Subscribe to DSC Newsletter

Social Media usage is becoming more and more popular. This information -which was never available before- can be analyzed to potentially extract several insights about users such as their beliefs, values, emotions, opinions and online behavior.

How could such insights be used by Marketeers, Social Researchers or even Psychologists? What are the pitfalls?

For some examples of Social Media Analytics see here :

Views: 131

Reply to This

Replies to This Discussion

Thomas: I think that you have outlined what the potential gains are. The pitfalls would be over analyzing the data and assuming that the beliefs and online behavior is reflective of the participant.

-Ralph Winters

From my experience so far there are many pitfalls : Sampling issues and spam accounts are some of them . However : Clear-cut beliefs and online behavior can be easily extracted because there is an immense amount of available users that you can capture. If i would tell you that the most frequent thought of what people don't want on Twitter is to "not go to work (or school, or University) tomorrow" wouldn't that appear to you as being reflective for what people think in general at some point in their lives?

IMHO, specific beliefs and behavior can be captured which are reflective for a significant number of participants but of course not for each and every person. Those insights enable us to form some hypotheses but -of course- not to draw any conclusions about cause and effect.


Themos: I did enjoy looking at your blog, and I think you are doing some good work. Some more observations. There would be two sampling problems: Getting a representative sample from Twitter itself, which I know is difficult, and sampling from the non-twitter population. I would be interested to know first and foremost who the Twitter population is before concluding anything about them. Be careful not to extrapolate results derived from Twitter onto specific populations. Deriving sentiment is tough enough when interpreting answers to a multiple choice questionnaire; it is much harder to do when mining text, since you are extracting sentiment.

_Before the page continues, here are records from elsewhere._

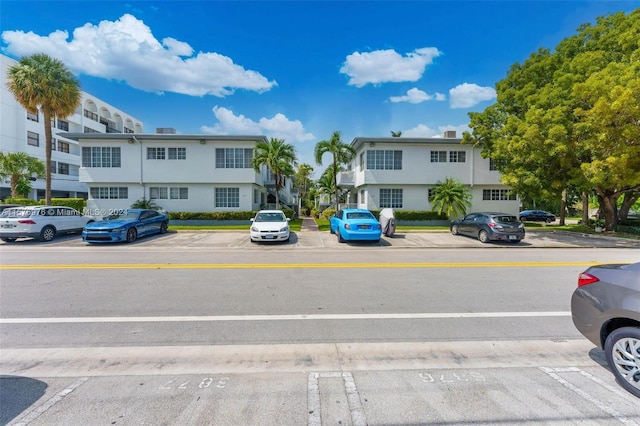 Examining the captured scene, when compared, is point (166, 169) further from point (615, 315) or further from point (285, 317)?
point (615, 315)

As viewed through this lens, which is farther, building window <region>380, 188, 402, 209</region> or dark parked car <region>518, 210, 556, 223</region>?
dark parked car <region>518, 210, 556, 223</region>

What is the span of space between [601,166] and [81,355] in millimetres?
19089

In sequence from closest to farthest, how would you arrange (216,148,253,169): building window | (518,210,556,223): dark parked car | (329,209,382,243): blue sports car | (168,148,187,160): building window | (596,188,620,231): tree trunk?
(329,209,382,243): blue sports car, (596,188,620,231): tree trunk, (168,148,187,160): building window, (216,148,253,169): building window, (518,210,556,223): dark parked car

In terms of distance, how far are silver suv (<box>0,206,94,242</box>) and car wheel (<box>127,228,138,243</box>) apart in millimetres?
3935

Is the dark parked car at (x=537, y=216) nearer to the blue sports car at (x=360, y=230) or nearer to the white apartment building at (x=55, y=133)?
the blue sports car at (x=360, y=230)

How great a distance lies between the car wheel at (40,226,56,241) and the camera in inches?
575

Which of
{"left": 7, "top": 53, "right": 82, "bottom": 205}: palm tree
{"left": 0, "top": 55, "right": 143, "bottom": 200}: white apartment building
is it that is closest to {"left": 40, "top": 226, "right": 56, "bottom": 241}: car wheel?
{"left": 7, "top": 53, "right": 82, "bottom": 205}: palm tree

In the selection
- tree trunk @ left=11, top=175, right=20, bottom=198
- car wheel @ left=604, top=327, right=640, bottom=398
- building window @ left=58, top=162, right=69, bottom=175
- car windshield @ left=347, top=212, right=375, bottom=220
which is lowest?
car wheel @ left=604, top=327, right=640, bottom=398

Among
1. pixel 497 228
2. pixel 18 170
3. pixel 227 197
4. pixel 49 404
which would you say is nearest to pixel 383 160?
pixel 497 228

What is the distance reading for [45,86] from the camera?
19.1 metres

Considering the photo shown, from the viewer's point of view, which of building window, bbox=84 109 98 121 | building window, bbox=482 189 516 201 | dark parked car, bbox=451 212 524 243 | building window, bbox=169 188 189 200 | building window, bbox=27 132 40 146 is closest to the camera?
dark parked car, bbox=451 212 524 243

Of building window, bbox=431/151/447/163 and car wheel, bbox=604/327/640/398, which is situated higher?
building window, bbox=431/151/447/163

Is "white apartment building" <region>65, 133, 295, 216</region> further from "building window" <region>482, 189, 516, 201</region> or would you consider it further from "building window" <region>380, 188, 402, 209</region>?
"building window" <region>482, 189, 516, 201</region>

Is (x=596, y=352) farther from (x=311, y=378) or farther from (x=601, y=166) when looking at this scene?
(x=601, y=166) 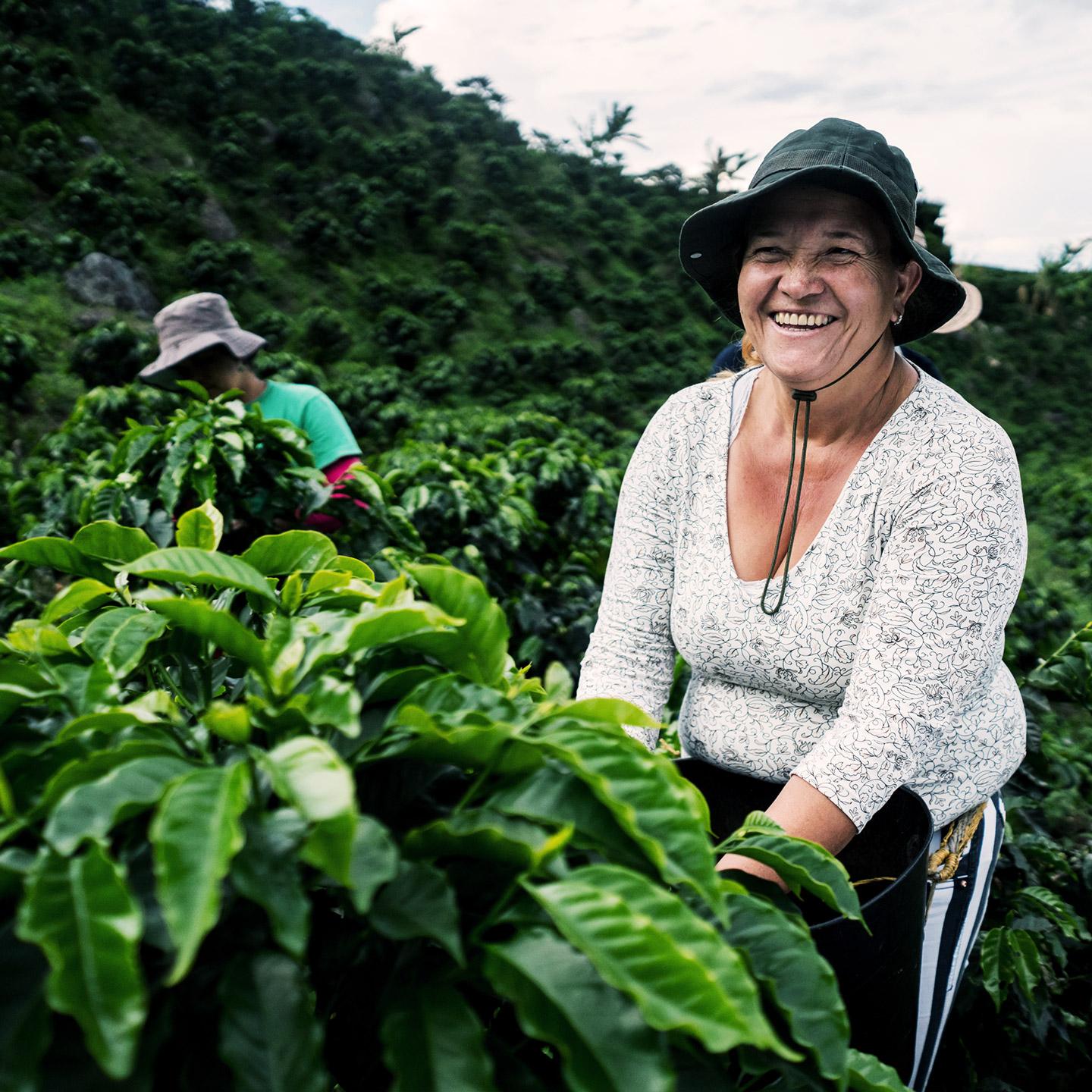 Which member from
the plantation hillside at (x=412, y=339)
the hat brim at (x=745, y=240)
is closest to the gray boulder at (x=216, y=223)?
the plantation hillside at (x=412, y=339)

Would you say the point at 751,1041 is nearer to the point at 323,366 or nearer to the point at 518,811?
the point at 518,811

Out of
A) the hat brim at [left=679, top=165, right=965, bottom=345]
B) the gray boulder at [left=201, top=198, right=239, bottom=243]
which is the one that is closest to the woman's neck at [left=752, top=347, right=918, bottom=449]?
the hat brim at [left=679, top=165, right=965, bottom=345]

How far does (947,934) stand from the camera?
4.99 feet

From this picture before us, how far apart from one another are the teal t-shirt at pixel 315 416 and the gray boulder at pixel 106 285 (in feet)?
41.4

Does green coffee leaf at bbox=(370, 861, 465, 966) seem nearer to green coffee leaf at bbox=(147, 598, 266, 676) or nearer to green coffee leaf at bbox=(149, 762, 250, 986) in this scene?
green coffee leaf at bbox=(149, 762, 250, 986)

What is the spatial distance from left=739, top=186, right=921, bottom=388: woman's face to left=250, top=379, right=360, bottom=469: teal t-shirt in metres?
2.10

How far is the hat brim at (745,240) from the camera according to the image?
54.2 inches

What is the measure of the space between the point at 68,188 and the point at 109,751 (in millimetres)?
18170

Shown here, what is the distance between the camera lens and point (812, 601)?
144 cm

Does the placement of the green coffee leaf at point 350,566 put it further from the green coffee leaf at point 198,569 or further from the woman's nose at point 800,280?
the woman's nose at point 800,280

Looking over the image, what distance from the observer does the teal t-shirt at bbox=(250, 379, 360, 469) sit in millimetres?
3359

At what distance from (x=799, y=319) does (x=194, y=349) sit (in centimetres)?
256

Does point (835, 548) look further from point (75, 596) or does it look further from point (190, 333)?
point (190, 333)

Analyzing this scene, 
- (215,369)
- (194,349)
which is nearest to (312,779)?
(194,349) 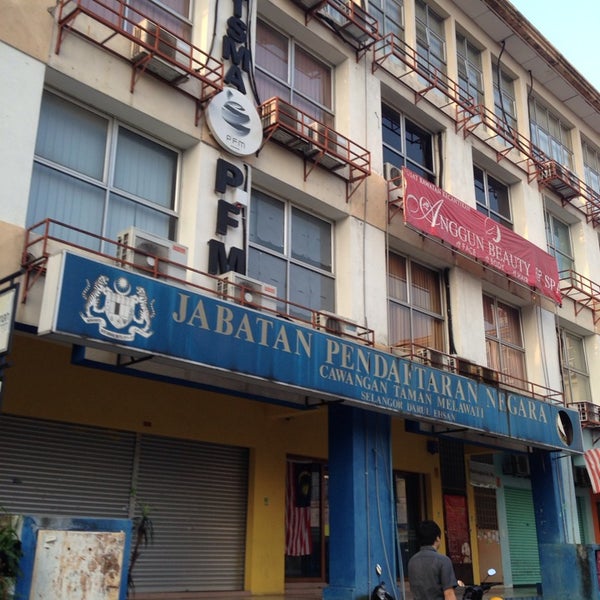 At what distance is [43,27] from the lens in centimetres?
991

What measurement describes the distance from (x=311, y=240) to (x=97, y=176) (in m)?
4.65

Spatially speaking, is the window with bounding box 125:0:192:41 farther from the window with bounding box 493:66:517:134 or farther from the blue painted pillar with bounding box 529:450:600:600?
the blue painted pillar with bounding box 529:450:600:600

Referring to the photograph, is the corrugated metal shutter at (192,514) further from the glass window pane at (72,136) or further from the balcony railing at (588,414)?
the balcony railing at (588,414)

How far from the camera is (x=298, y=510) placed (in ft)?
46.4

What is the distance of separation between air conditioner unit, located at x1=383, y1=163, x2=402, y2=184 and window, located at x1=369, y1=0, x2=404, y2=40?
4.02 m

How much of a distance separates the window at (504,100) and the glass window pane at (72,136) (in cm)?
1353

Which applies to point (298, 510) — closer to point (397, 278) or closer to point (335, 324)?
point (335, 324)

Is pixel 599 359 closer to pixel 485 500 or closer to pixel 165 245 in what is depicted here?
pixel 485 500

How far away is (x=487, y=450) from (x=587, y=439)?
Answer: 3333 mm

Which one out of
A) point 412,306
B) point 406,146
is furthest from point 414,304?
point 406,146

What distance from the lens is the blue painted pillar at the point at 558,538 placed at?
1443 cm

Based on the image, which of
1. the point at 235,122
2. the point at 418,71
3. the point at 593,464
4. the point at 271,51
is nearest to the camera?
the point at 235,122

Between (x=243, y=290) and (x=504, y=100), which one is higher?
(x=504, y=100)

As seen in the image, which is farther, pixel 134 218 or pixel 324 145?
pixel 324 145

I agree that purposes would be to associate and hypothesize, and not necessary draw any conclusions. However, I still do not think there is enough (good) data yet. I look at healthcare claims data, and it often will take 5 years or more of historical data to be able to say something about a normal probability occurance.

-Ralph Winters

Getting data only from Twitter will leave you with a biased sample. This is by all means undeniable. Let's see an example : You get data of 100K Twitter users stating in their bio that they follow politician X and another sample of 100K Twitter users stating in their bio that they follow politician Y.

By sampling 200K Twitter users and then running chi-square tests on word co-occurrences you could make some hypotheses on the differences of attitude or beliefs of followers of X politician vs followers of Y politician (but keeping also in mind that we are analyzing a specific population segment - namely "Twitter users" ). To clarify : Such an analysis could only help us in forming some hypotheses for the population... but only that.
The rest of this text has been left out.